Wills can be both fascinating and frustrating, for what they say, what or who they miss out and what they may be hinting at! A collection of wills for a single community like Lydiard Tregoze provides information which is useful to local, family and social historians. This collection highlights 8 of the 47 Lydiard Tregoze wills contained in The Lydiard Archives which help to establish a picture of the wider community and how people came together across all groups of society, rich and poor.
In these wills, as well as family members, we may find servants, friends and associates. Unsurprisingly, the St.Johns as lords of the manor also appear. Where there are several wills for members of the same family it can be possible to create a family tree over several generations, for example, the Clerkes. The will of mother and son provides the extended family not only within Lydiard Tregoze but beyond into Oxfordshire.
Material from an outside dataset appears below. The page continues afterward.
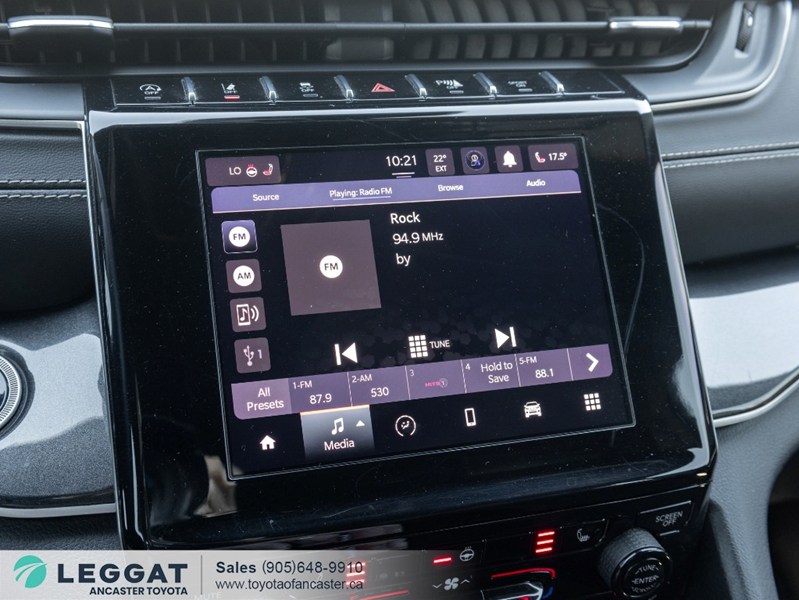 2021 Jeep Grand Cherokee L Altitude 4X4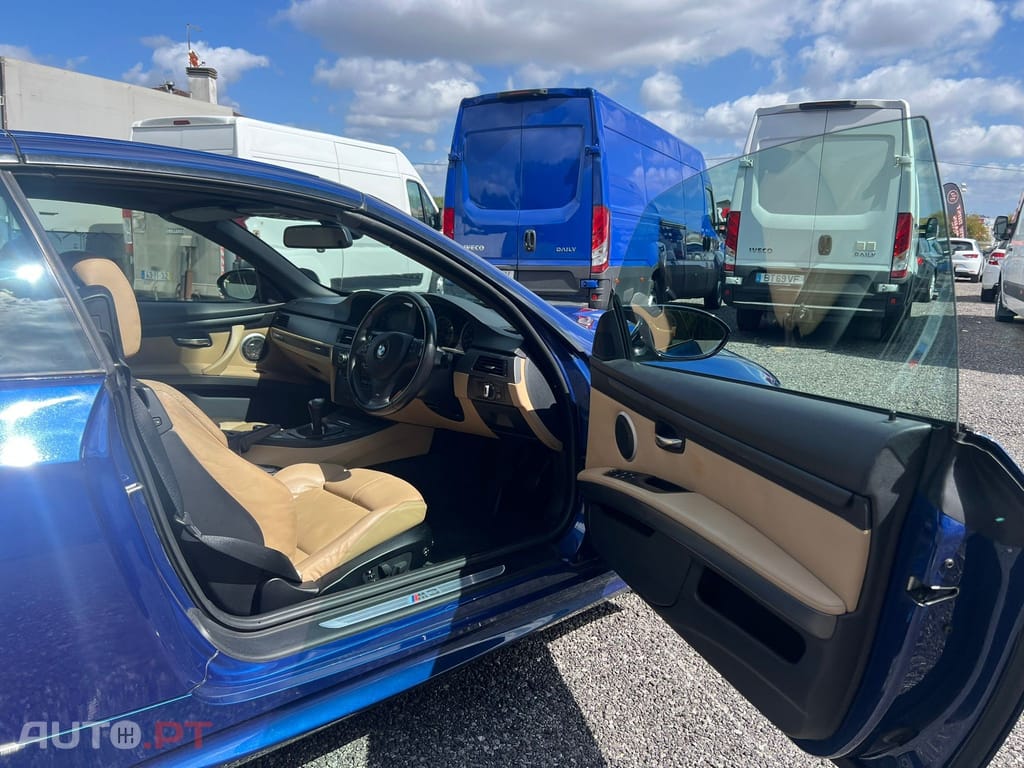 BMW M3 Cabrio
Testators generally refer to their last will and testament. The testament dealt with bequests of goods and chattels, gave instruction for burial and ensured debts were paid. Wills were concerned only with land. Testaments fell under the jurisdiction of the church and were proved in church courts. Wills, because they dealt with land are therefore often missing as they were not submitted for probate, falling outside the jurisdiction of the church - although by the fifteenth century, this distinction was starting to be lost.
The majority of wills and testaments were made by men, as this collection shows. Married women could only leave their personal possessions, and then only with their husband’s permission. Widows and spinsters however, had more freedom in making their last will and testament.
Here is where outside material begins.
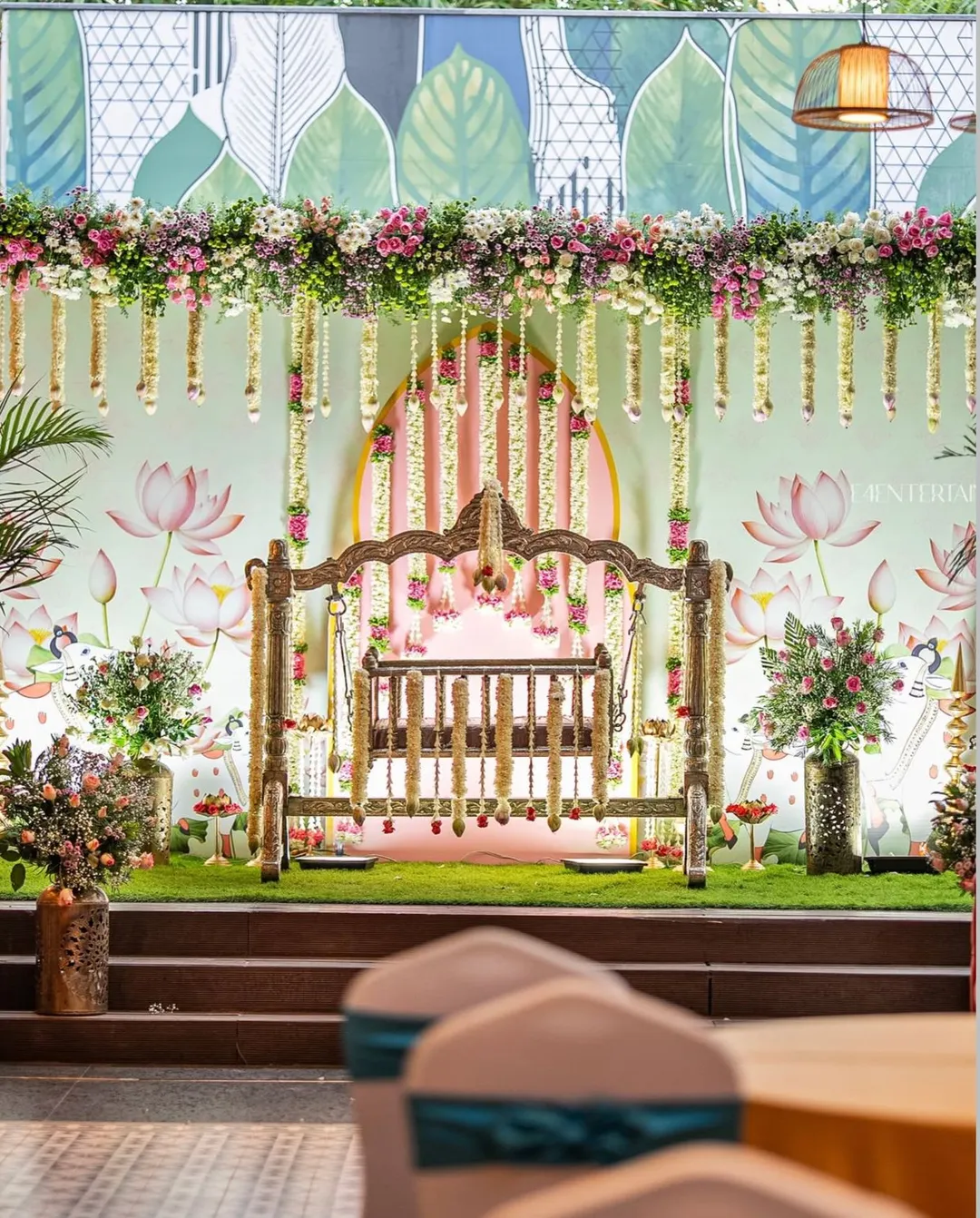 DECOR BY E4ENTERTAINMENT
Our featured wills cover four centuries for which wills have been found; the earliest will in English, that of Robert Wells, hints at the wider politics of the time. Mary was the first queen in her own right, but she chose to marry a foreign king and there were possible implications for English sovereignty. The will reminds us that the national story is also important when trying to find the local one. As we move forward in time, we can also see changes in religion which are reflected in the arrangements for the care of the testator’s soul.
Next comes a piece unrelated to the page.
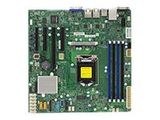 Server MB Super Micro MBD-X11SSM-F-O LGA 1151/mATX/2x1Gb retail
The will of Elizabeth Wells, in leaving bequests to her granddaughters suggests the age at which girls were expected to marry, while John Halston’s suggests we should not jump too quickly to a conclusion about where a will may be found based on occupation or status. As a husbandman it might be easy to conclude that if he did make a will, it would have been proved in the archdeacon’s court, but his cows kept at Highworth made a difference to the rules of probate, and his executors had to make the journey to London to prove the will in the Prerogative Court of Canterbury.